■ Instructions for the task ■
Pictures are not part of the answer. Return the lines from the one containing "Ver imagem 2" through the end of the data, both included, exactly as they appear.
----------------
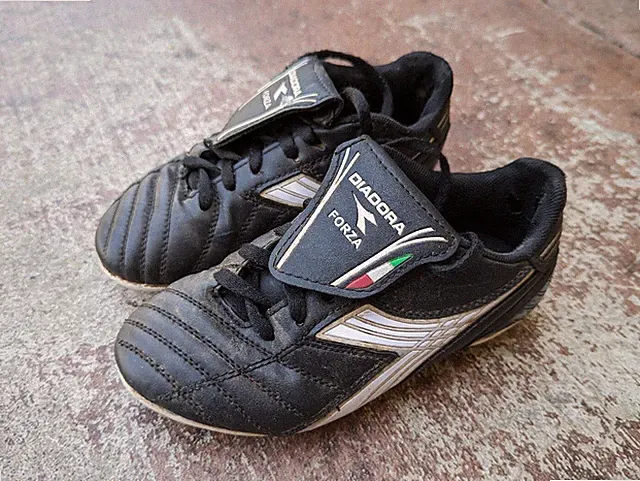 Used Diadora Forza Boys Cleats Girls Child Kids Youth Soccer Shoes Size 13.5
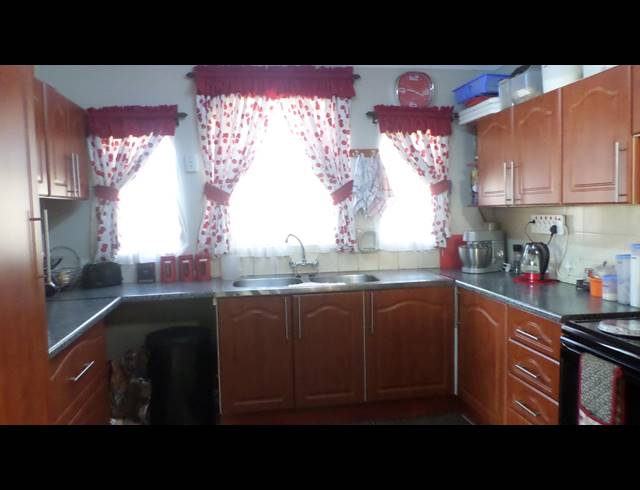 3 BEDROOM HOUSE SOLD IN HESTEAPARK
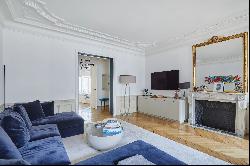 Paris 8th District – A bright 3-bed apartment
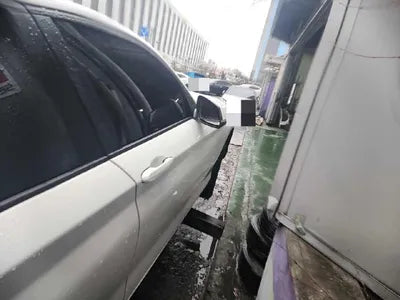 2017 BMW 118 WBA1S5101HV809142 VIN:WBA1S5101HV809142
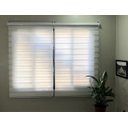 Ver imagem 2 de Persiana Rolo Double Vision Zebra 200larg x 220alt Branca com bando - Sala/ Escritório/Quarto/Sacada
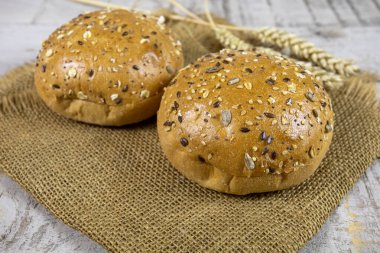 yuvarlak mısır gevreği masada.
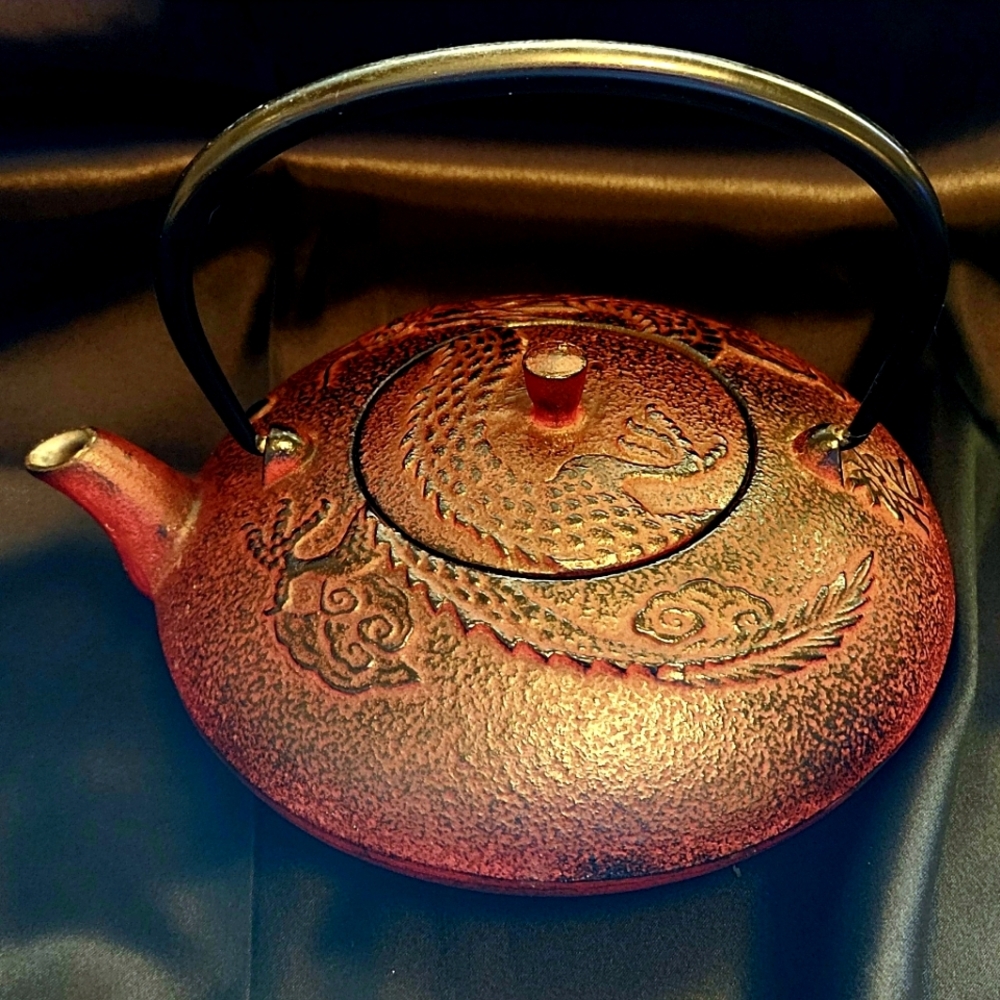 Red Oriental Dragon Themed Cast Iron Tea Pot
----------------
■ Response ■
 Ver imagem 2 de Persiana Rolo Double Vision Zebra 200larg x 220alt Branca com bando - Sala/ Escritório/Quarto/Sacada
 yuvarlak mısır gevreği masada.
 Red Oriental Dragon Themed Cast Iron Tea Pot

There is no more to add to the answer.